Our take is that there are enough powerful voices in the UK electronics industry as well as their supporters in government to make a big noise about protecting the UK’s technology industry from foreign ownership. As I reported last September, there was strong lobbying by two of the people who were instrumental in founding Arm, Hermann Hauser and Tudor Brown. They were concerned such a deal would mean the UK losing its crown jewel of the technology industry, and that it would be moved to the US.

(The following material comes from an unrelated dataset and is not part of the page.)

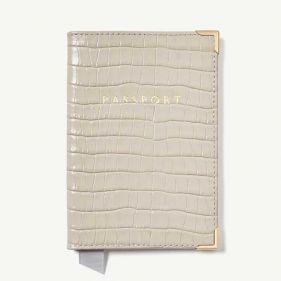 PLAIN PASSPORT COVER - إكسسوارات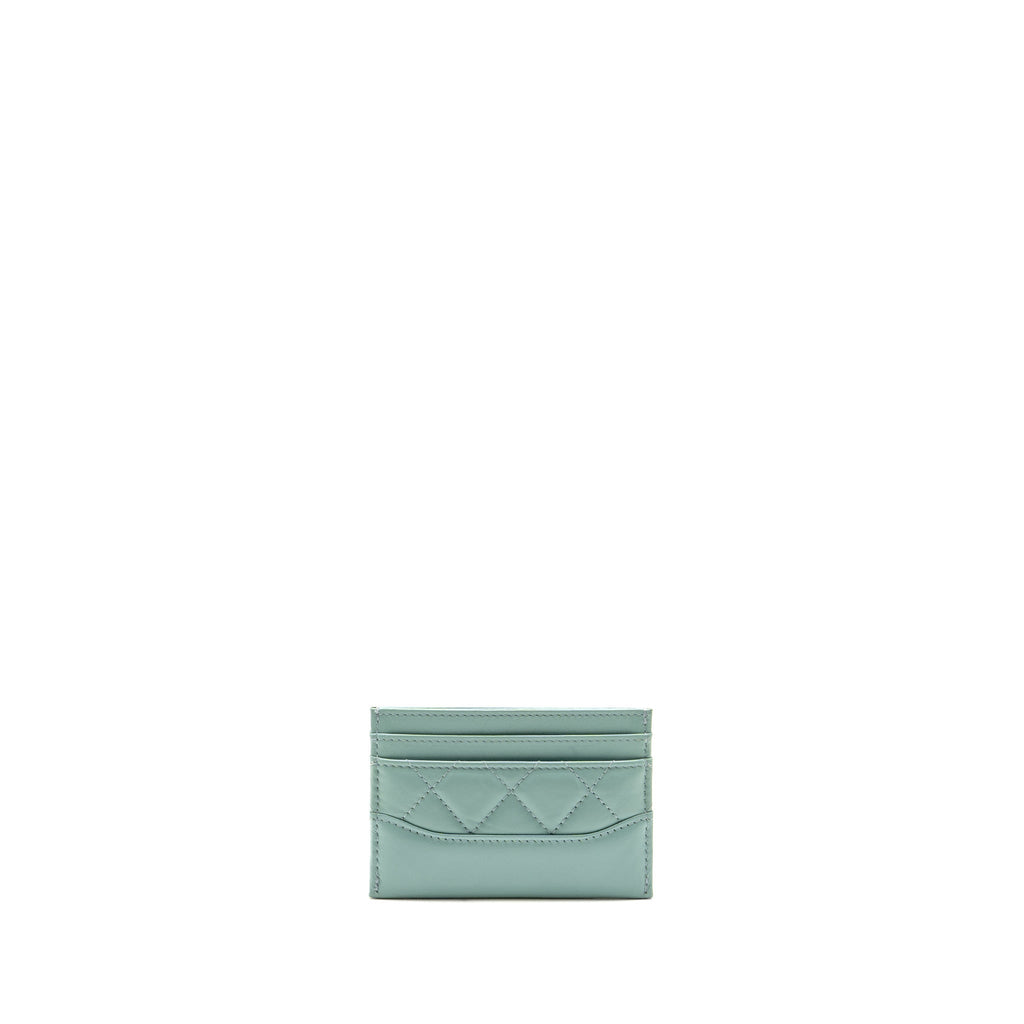 chanel-gabrielle-card-holder-calfskin-green-ghw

When the deal was announced last year, Hauser said this would spell disaster for Cambridge, the UK, and Europe. He said, “It’s the last European technology company with global relevance and it’s being sold to the Americans.” If this deal did happen, he said it would risk jeopardizing Arm’s position as the “Switzerland of the semiconductor industry” where it allows hundreds of companies such as Apple, Samsung and Qualcomm to develop their own chips using its architecture. He added that if the company’s British character and open business model could not be protected, it would be better for the Prime Minister Boris Johnson to back a flotation on the London Stock Exchange.

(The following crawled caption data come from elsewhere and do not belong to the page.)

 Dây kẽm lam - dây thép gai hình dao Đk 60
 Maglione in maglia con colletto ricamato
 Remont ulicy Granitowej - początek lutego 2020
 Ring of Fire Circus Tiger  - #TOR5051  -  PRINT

Even Nigel Toon, CEO of Graphcore, who just raised $222 million ahead of a possible IPO next year, weighed in with his thoughts. He told the Financial Times newspaper in London that Nvidia’s planned $40 billion acquisition of Arm was “bad for competition, bad for the market overall, and bad for Britain.” He commented in the newspaper, “I think it smacks of anti-competitiveness. It’s market power coming into the hands of a big player that is going to reduce competition generally for the market.” He added, “If you were a chip company, would you want to go and share your road map for the next four years ahead with Arm, knowing they are part of Nvidia, and you’re effectively sharing your roadmap with Nvidia?”
Of course, Toon would have concerns about this given that Graphcore is directly competing with Nvidia, but he raises a point that others in the industry may also conceivably ask.
However, Jensen Huang of Nvidia ands Simon Segars of Arm would no doubt have been expecting this kind of debate playing out, and I am sure they are ready to play the long game to see it through. As I said previously, Jensen Huang is so confident despite the tough campaign ahead to convince multiple stakeholders, that he isn’t even contemplating a plan B.